### EXERCISE OBJECTIVE
Reproduce exactly the lines of the material beneath, from the line that contains "烧心是怎么回事,老烧心是什么原因" to the line that contains "New therapeutic strategy", both included, and no other lines.

### GIVEN DATA
☆ ☆ ☆ ☆

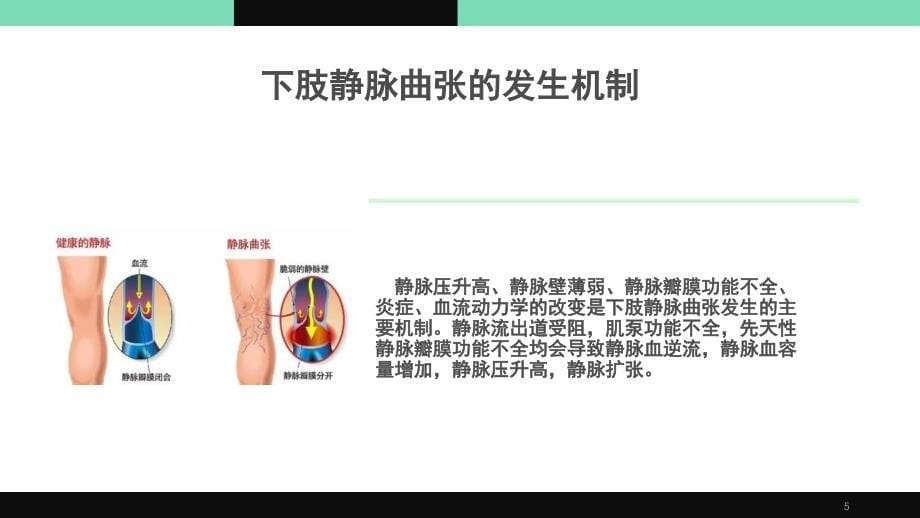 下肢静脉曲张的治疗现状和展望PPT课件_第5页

☆ ☆ ☆ ☆

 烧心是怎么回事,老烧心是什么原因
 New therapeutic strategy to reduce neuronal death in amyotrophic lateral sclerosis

☆ ☆ ☆ ☆

### OUTPUT OF THE TASK
 烧心是怎么回事,老烧心是什么原因
 New therapeutic strategy to reduce neuronal death in amyotrophic lateral sclerosis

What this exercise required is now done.